Thursday, March 01, 2007

Social Engineering

So I tell a co-worker that Paris Hilton's hacker is going to jail. That led to reading about how they hacked into Paris Hilton's cell phone. Which leads to the topic of today's post.

Apparently, hackers use social engineering to get initial information, rather than high tech means. From there, they can do damage, but the first steps? They call up a service center and bluff their way into getting sensitive information.

Why am I bothering to write about this?

Somehow, in the past 15 years when cell phones became fairly ubiquitous, the line between personal and professional blurred. You have NO idea how many phone calls A DAY I get, WITHOUT a person identifying themselves, asking for someone's cell phone number.

"I'm trying to reach so and so, can you give me their cell number?"


"Umm, you don't understand, I really need to reach so-and-so. I used to have their cell phone number and I can't find it. What is it?"

"Sir, for all I know, you may be Max the Axe Murderer or worse, the IRS. I do not give out cell phone numbers."

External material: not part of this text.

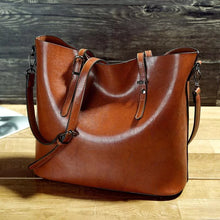 Nicole | Vintage Leder-Schulterhandtasche in Braun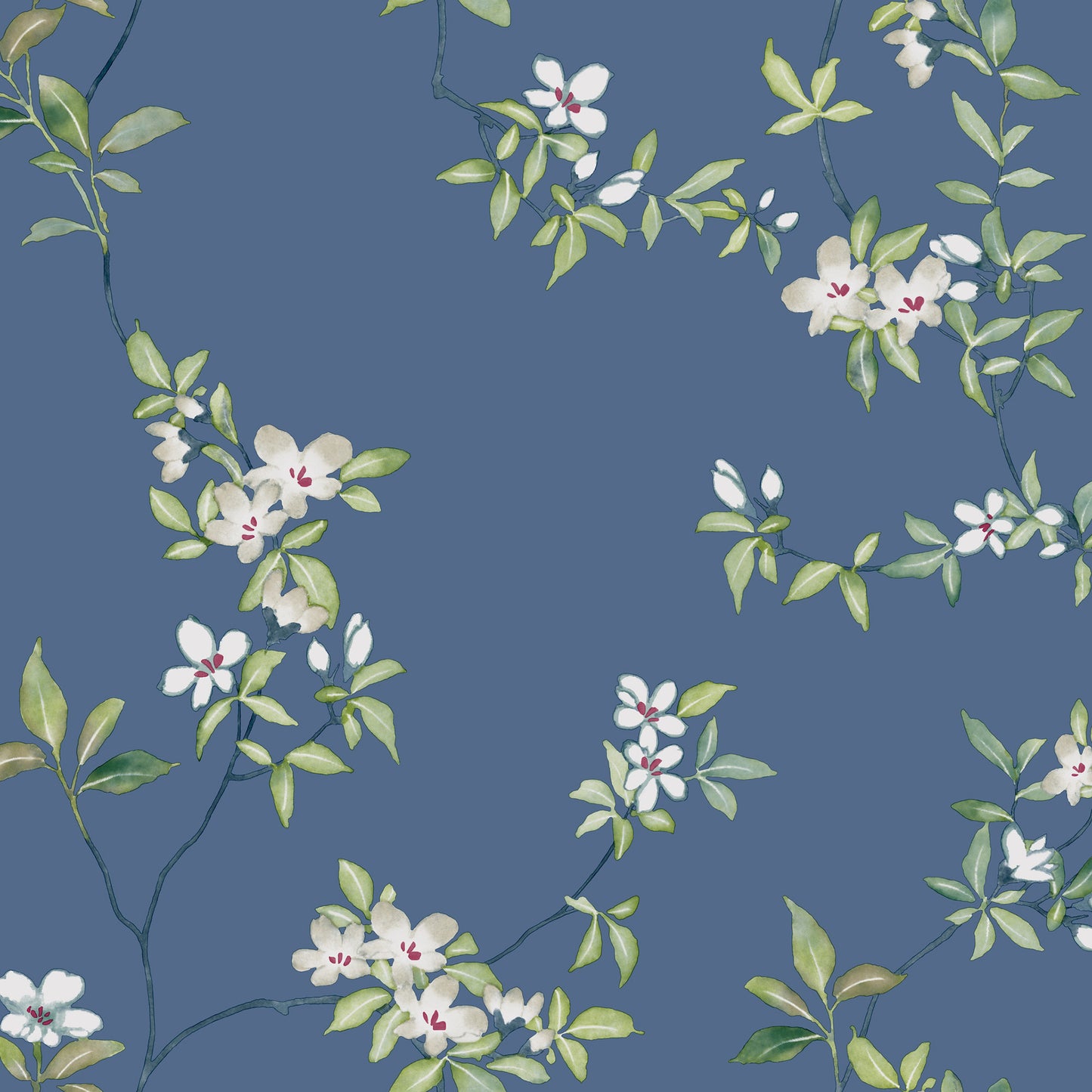 ZA8072 - Ronald Redding Tea Garden Ii Wallpaper April Blossom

"OH! Well, I'm so-and-so, working with so-and-so on this."

"Thank you for the clarification, sir, but I don't give out personal cell phone numbers. I can call him if you wish and have him call you, and HE can give you his cell phone number, but I don't."


"Fine, here is my number. Tell him to call me immediately."

Want to know what's funny? 9 times out of 10, I call the cell-phone and get voice mail.

I am NOT at all surprised that these service centers are so easily hoodwinked, if the above example is at all representative of the expectations of callers.